Kebutuhan garam nasional setiap tahun mencapai jutaan ton, terutama untuk sektor industri, seperti kimia, kaca, dan farmasi. Produksi dalam negeri tahun 2025 diperkirakan 2,25 juta ton, dengan cadangan stok tambahan sekitar 836 ribu ton, sehingga pasokan lokal hanya mampu memenuhi 63 persen dari total kebutuhan nasional. Dari angka itu, kontribusi NTB sebesar 180 ribu ton masih merupakan bagian kecil, meski menjadi simbol penting dari potensi lokal.
Optimalisasi lahan pesisir, penerapan teknologi modern, dan perbaikan tata niaga menjadi kunci agar kontribusi NTB lebih signifikan. Pemerintah perlu menyediakan skema pembiayaan yang ramah bagi petani kecil, memperkuat koperasi sebagai penghubung pasar, serta membangun fasilitas pengolahan yang memadai.
Swasembada garam juga menyentuh dimensi sosial.
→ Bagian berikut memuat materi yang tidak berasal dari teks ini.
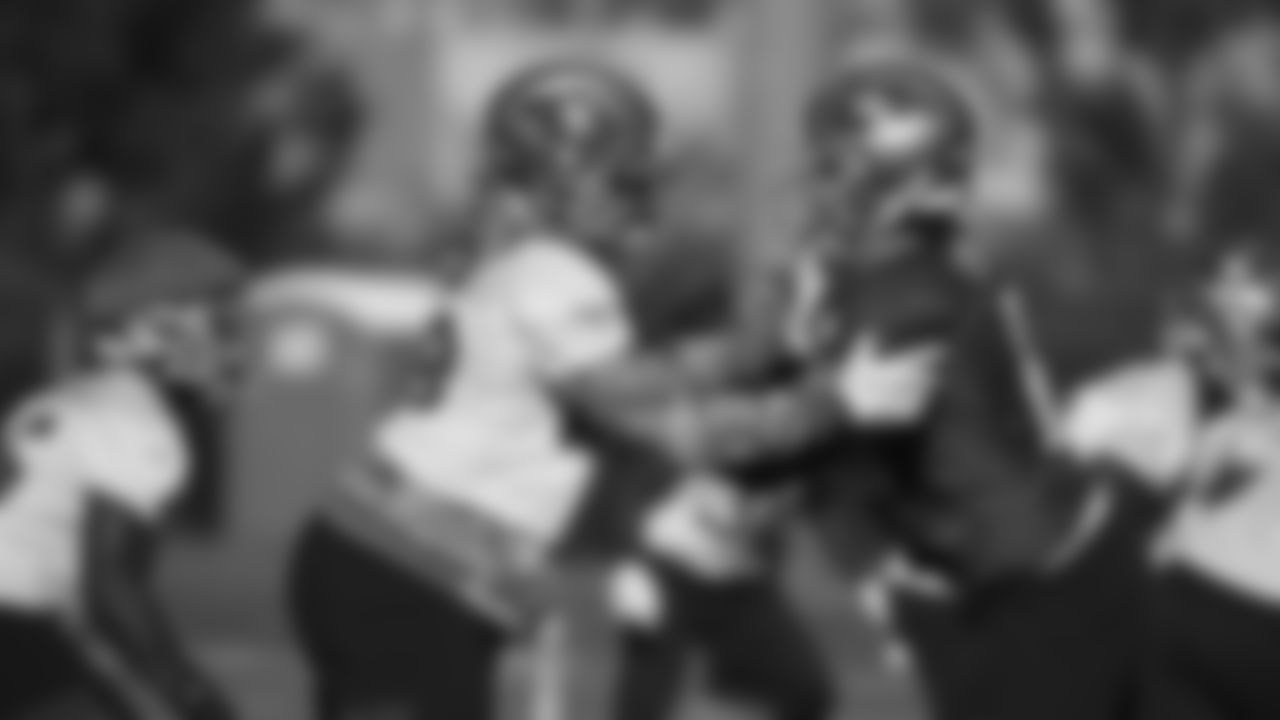 DL Arden Key, OL Tom Compton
Ketika pendapatan petani stabil, mereka dapat memperbaiki pendidikan anak-anak, memperkuat rumah tangga, dan meningkatkan kualitas hidup komunitas pesisir.
Akhirnya, jika semua elemen, teknologi, infrastruktur, tata niaga, dan dukungan kebijakan, dijalankan secara konsisten, NTB berpotensi menjadi motor penting dalam pencapaian swasembada garam nasional pada tahun 2027.
Di tambak-tambak kecil Bima, Dompu, dan Lombok Timur, setiap butir garam putih yang mengilap bukan sekadar kristal asin, melainkan harapan, asa, dan simbol kemampuan bangsa untuk berdiri tegak dengan garamnya sendiri.